Interpretability analyses (e.g., Integrated Gradients) reveal that deep AES models may over-rely on a “word-soup” of salient tokens, neglecting discourse, grammar, and world knowledge. Sorting tokens by attribution shows the vast majority of model score is explained by a small subset of content words; randomizing or adversarially corrupting essays can inflate scores or escape penalization (Parekh et al., 2020). Recommendations include:

Hierarchical or document-level encoders to capture global structure (Parekh et al., 2020).
Incorporation of factuality-check or world-knowledge modules to penalize false assertions.
Adversarial training (e.g., with lies, shuffling, or noise) to robustify against manipulation.
Multi-task architectures and regularization to distribute attention and improve generalization to unexpected inputs.

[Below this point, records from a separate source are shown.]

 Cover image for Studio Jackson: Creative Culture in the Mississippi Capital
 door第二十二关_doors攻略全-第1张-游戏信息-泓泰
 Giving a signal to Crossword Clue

Continued development in cross-linguistic corpora, multimodal modeling, and fairness-directed auditing is critical. Version control, transparency, and continuous retraining with newly annotated essays are best practices for sustaining accuracy and equity (Ludwig et al., 2021, Matsuoka, 2023).

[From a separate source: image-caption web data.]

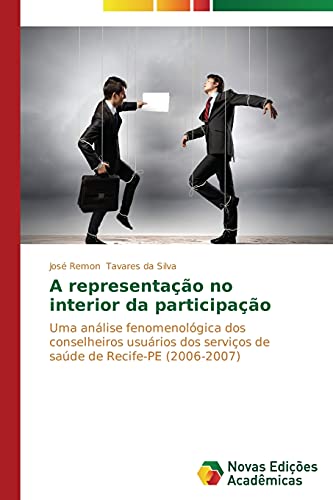 Ler A representação no interior da participação: Uma análise fenomenológica dos conselheiros usuários dos serviços de saúde de Recife-PE (2006-2007), do autor Tavares Da Silva José Remon Ler A representação no interior da participação: Uma análise fenomenológica dos conselheiros usuários dos serviços de saúde de Recife-PE (2006-2007), do autor Tavares Da Silva José Remon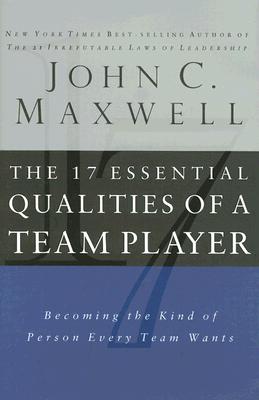 THE 17 ESSENTIAL QUALITIES OF A TEAM PLAYER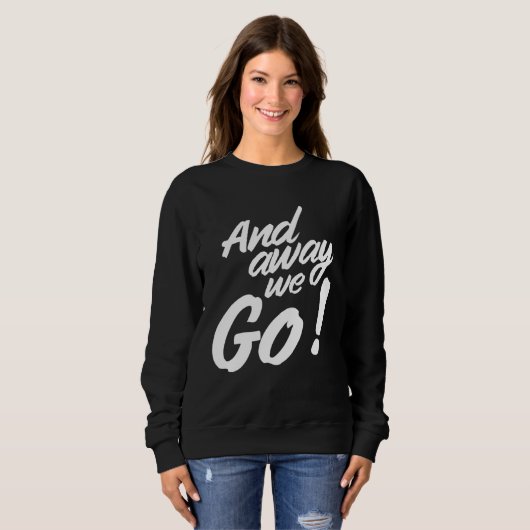 And away we go sweatshirt (Vorne ganz)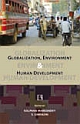 GLOBALIZATION, ENVIRONMENT AND HUMAN DEVELOPMENT
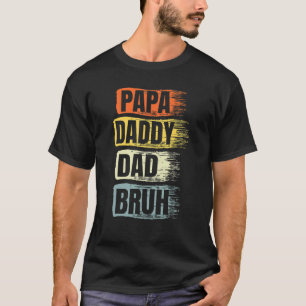 T-shirt Papa Papa Papa Papa Bruh Père Day Meilleur Papa Ev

In sum, Automated Essay Scoring now comprises a spectrum of techniques—feature-driven, deep-learning, transformer-based, prompt- and trait-aware, multimodal, and hybrid—supported by explicit rubric alignment and defensible evaluation protocols. Recent progress substantiates both accuracy and operational viability, while the field remains vigilant to the risks of bias, domain shift, and adversarial exploitation.